Он любил придумывать слова. Бывало, спрашивал:
— Тебе нравится, Нино, слово водовмещательный?
Она отвечала, что не очень.
— А блуждалище?
— Это что же такое? — недоумевала Нина.
— Ну лабиринт!
У него свои любимые словечки. Если бормочет: «Злодейство!» — значит, дело не ладится. Сморщит нос, говорит с пренебреженьем: «Завиральные идеи», — значит, сомневается. А если с усмешкой произносит: «Кошачьи ухватки», — настроен благодушно.
Как-то Сандр сказал о своем критике: «Намарал на меня ахинею». Нина спросила, что означает это слово. Он, посмеиваясь, ответил:
— Ну вздор, нелепица, алала. Ахинейщик же — пустомеля вроде Репетилова, и потому остается только плюнуть на марателя и сказать по-французски — свинья!
Особенное удовольствие доставляло Нине играть с Александром в четыре руки. Исполняли Бетховена, Моцарта, Гайдна, и она — даже дух захватывало — поднималась вместе с Сандром на три музыкальной волне, что шла от него и придавала ее собственной игре легкость, силу. Сандр словно бы влек ее за собой, поддерживая и ободряя.
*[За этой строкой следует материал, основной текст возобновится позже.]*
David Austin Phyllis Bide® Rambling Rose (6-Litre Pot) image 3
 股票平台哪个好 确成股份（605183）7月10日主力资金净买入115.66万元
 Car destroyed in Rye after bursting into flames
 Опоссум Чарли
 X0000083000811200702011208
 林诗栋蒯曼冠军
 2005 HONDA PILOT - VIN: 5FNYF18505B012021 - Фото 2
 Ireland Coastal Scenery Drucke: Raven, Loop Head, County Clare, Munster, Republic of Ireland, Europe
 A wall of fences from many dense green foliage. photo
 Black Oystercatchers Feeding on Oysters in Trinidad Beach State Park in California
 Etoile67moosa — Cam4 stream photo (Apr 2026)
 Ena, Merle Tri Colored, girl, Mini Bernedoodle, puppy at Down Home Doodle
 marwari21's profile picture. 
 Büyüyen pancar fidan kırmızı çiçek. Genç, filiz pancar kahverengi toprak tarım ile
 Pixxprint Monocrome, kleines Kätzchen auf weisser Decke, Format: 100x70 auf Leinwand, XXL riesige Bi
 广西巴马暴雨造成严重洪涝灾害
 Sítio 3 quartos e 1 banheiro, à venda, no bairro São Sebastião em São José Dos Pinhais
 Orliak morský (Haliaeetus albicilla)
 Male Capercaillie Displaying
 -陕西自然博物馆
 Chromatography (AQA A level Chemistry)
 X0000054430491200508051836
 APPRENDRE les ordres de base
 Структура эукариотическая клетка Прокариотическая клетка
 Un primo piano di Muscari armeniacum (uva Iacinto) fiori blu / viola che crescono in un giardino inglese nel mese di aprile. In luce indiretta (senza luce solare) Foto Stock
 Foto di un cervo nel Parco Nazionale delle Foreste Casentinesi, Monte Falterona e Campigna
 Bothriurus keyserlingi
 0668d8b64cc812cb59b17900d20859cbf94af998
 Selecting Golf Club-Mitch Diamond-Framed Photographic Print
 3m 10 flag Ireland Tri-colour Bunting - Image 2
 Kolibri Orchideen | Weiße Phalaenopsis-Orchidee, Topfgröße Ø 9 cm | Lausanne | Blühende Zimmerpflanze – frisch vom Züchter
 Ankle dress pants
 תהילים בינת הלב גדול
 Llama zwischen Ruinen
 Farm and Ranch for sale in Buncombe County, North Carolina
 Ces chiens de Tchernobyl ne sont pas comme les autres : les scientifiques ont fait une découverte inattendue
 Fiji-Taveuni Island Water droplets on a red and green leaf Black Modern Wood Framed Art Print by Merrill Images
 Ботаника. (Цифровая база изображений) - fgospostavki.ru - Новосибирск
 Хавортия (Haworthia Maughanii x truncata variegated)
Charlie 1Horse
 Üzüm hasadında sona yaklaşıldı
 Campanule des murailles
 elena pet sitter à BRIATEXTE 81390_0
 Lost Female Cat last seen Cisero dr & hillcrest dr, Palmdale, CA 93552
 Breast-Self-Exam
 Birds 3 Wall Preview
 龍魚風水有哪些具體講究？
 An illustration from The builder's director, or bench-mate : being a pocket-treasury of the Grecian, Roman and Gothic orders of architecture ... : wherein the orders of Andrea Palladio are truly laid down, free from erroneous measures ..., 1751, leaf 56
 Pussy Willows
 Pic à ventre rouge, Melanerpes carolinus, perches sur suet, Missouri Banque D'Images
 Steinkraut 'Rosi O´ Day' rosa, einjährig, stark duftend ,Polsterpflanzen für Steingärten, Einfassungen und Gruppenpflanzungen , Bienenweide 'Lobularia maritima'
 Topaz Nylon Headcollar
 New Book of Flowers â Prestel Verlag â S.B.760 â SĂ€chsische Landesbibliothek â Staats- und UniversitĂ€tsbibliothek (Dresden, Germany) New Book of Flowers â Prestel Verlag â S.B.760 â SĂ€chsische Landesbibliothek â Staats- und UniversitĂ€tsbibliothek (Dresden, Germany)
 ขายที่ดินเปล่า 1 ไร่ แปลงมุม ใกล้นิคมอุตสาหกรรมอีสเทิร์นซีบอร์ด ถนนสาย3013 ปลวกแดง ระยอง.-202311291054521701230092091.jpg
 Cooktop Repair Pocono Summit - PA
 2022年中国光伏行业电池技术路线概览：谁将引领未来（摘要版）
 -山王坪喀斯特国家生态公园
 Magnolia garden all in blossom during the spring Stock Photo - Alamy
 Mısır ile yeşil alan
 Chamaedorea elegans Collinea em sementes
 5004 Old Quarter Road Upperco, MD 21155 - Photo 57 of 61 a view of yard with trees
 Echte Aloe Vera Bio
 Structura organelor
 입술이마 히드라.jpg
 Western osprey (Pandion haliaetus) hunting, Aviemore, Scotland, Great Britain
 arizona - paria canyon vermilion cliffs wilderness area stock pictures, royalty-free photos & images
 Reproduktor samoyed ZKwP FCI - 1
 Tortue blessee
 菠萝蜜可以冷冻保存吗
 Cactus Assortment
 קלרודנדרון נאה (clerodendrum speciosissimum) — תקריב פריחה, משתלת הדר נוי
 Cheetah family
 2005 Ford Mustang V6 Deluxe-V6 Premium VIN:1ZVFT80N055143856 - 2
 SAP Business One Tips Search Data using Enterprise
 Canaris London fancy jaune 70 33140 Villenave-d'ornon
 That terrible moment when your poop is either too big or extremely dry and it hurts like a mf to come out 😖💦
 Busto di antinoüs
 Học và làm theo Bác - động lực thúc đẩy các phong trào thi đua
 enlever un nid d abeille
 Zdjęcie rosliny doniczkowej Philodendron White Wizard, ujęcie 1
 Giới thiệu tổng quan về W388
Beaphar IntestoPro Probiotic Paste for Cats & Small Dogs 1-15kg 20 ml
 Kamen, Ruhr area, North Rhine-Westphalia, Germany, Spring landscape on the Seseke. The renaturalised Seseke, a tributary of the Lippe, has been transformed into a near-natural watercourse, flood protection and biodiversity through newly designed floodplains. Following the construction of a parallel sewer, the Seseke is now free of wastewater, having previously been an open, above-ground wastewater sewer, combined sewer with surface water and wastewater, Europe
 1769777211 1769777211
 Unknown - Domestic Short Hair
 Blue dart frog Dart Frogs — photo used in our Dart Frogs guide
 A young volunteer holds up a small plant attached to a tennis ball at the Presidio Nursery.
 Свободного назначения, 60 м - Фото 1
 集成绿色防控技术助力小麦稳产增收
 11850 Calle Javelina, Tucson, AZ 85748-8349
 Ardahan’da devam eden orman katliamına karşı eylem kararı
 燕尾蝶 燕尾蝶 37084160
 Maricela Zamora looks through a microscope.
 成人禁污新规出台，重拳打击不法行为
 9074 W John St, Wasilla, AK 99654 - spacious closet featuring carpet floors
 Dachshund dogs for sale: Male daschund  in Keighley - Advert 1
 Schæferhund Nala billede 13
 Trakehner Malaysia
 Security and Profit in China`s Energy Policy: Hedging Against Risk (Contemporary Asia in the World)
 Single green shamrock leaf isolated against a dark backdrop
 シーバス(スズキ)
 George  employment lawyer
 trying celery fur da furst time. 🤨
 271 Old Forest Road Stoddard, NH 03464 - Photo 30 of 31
Нина вспомнила его нервные, длинные пальцы, и ей так захотелось почувствовать их прикосновение. Или припасть головой к груди Сандра и услышать его сердце, сквозь тонкую ткань рубашки вобрать запах его кожи. Она любила перебирать рассыпчатые волосы Сандра, приглаживать широкие брови. Он был весь ее — единственный, на всю жизнь данный.
«Каждый человек, — думала она, — очень разный. Он может к кому-то повернуться одной гранью своего характера, и тот говорит: „Злой“, к другому — лучшей своей стороной, и тогда о нем же говорят: „Добрый“».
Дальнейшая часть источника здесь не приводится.